EDITED COLLECTION, ENTIRE WORK, TWO EDITORS

      • Alexander, Christine, and Juliet McMaster, editors. The Child Writer from Austen to Woolf. Cambridge UP, 2005.

SINGLE CHAPTER IN AN EDITED COLLECTION

      • Arnheim, Rudolf. “Beginning with the Child.” When We Were Young: New Perspectives on the Art of the Child, edited by Jonathan Fineberg, U of California P, 2006, pp. 19–29.

CROSS-REFERENCES TO AN EDITED COLLECTION (provide short form of title if needed)

      • Alexander, Christine, and Juliet McMaster, editors. The Child Writer from Austen to Woolf. Cambridge UP, 2005.
      • Doody, Margaret Anne. “Jane Austen, That Discerning ‘child.’” Alexander and McMaster, Child Writer, pp. 101–21.
      • Taylor, Beverly. “Childhood Writings of Elizabeth Barrett Browning: ‘At four I first mounted Pegasus.’” Alexander and McMaster, Child Writer, pp. 138–53.

INTRODUCTION BY ONE AUTHOR TO BOOK BY A DIFFERENT AUTHOR  (in this example, a translation)

      • Sadler, M. T. H. “Translator’s Introduction.” The Art of Spiritual Harmony, by Wassily Kandinsky, translated by Sadler, Houghton Mifflin, 1914, pp. ix–xxv.

MULTI-VOLUME SET, WITH PLACE OF PUBLICATION (note alternative first name of author given in square brackets in this example)

      • Burney, Frances [Fanny]. Memoirs of Doctor Burney, Arranged from His Own Manuscripts, from Family Papers, and from Personal Recollections, by His Daughter, Madame d’Arblay. London, Edward Moxon, 1832. 3 vols.

SINGLE VOLUME FROM A MULTI-VOLUME SET WITH ONE TITLE

  • When you only quote from one volume in a multi-volume set, providing the total number of volumes in the set is optional.
      • Lewis, C. S. The Collected Letters of C. S. Lewis. Edited by Walter Hooper, vol. 1, Collins, 2004. 3 vols.
      • Chambers, William, and Robert Chambers, editors. Chambers’s Encyclopaedia: A Dictionary of Universal Knowledge. Vol. 6, London, William and Robert Chambers, 1890.
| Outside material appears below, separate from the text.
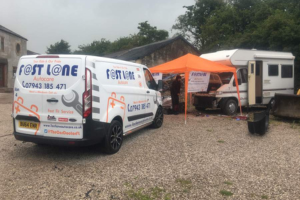 Mobile Car Servicing Near Me North West and North Wales : Vehicle Servicing Near Me North West and North Wales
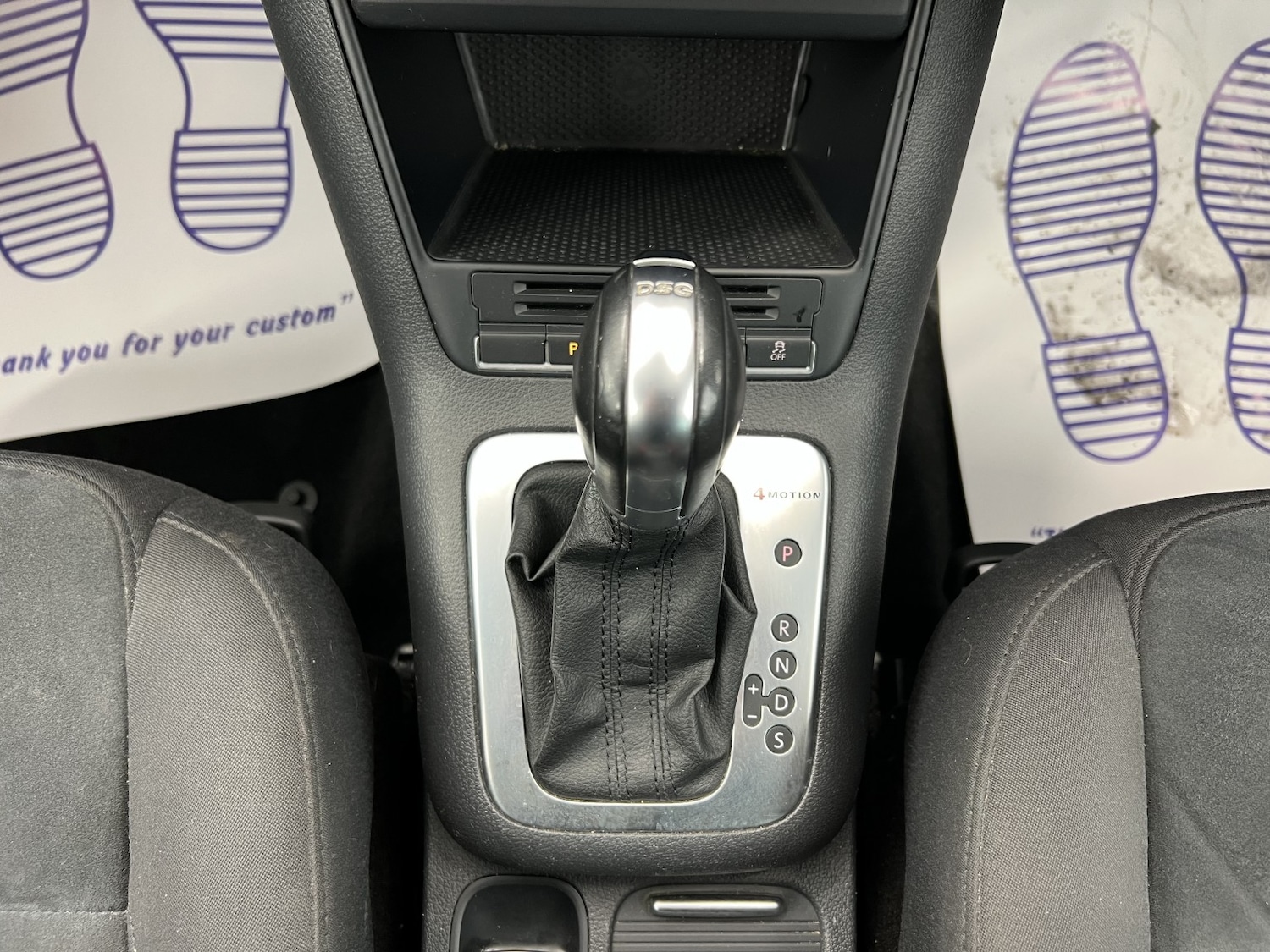 Used Volkswagen Tiguan 2013 for sale - 77707297: Photo 39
SINGLE VOLUME FROM A MULTI-VOLUME SET, EACH VOLUME HAVING A DIFFERENT TITLE 

  • When you only quote from one volume in a multi-volume set, providing the total number of volumes in the set is optional.
  • You may provide the title of the set first or the title of the individual volume first.
      • Byron, Lord [George Gordon]. Between Two Worlds. Byron’s Letters and Journals, edited by Leslie Marchand, vol. 5, Belknap Press, 1977. 12 vols.
      • Byron, Lord [George Gordon]. Byron’s Letters and Journals. Edited by Leslie Marchand, vol. 5 Between Two Worlds, Belknap Press, 1977. 12 vols.
      • Saintsbury, George. “The Young England Movement.” The Collected Essays and Papers of George Saintsbury, 1875-1920, vol. 3 Miscellaneous Essays, J. M. Dent & Sons, 1923, pp. 254–69. Google Books.

MONOGRAPH, SECOND EDITION

      • Clifford, James L. Hester Lynch Piozzi (Mrs Thrale). 2nd ed., Columbia UP, 1987.

BOOK IN A SERIES

      • Simon, Brian. The Two Nations and the Educational Structure, 1780–1857. Lawrence and Wishart, 1960. Studies in the History of Education 1.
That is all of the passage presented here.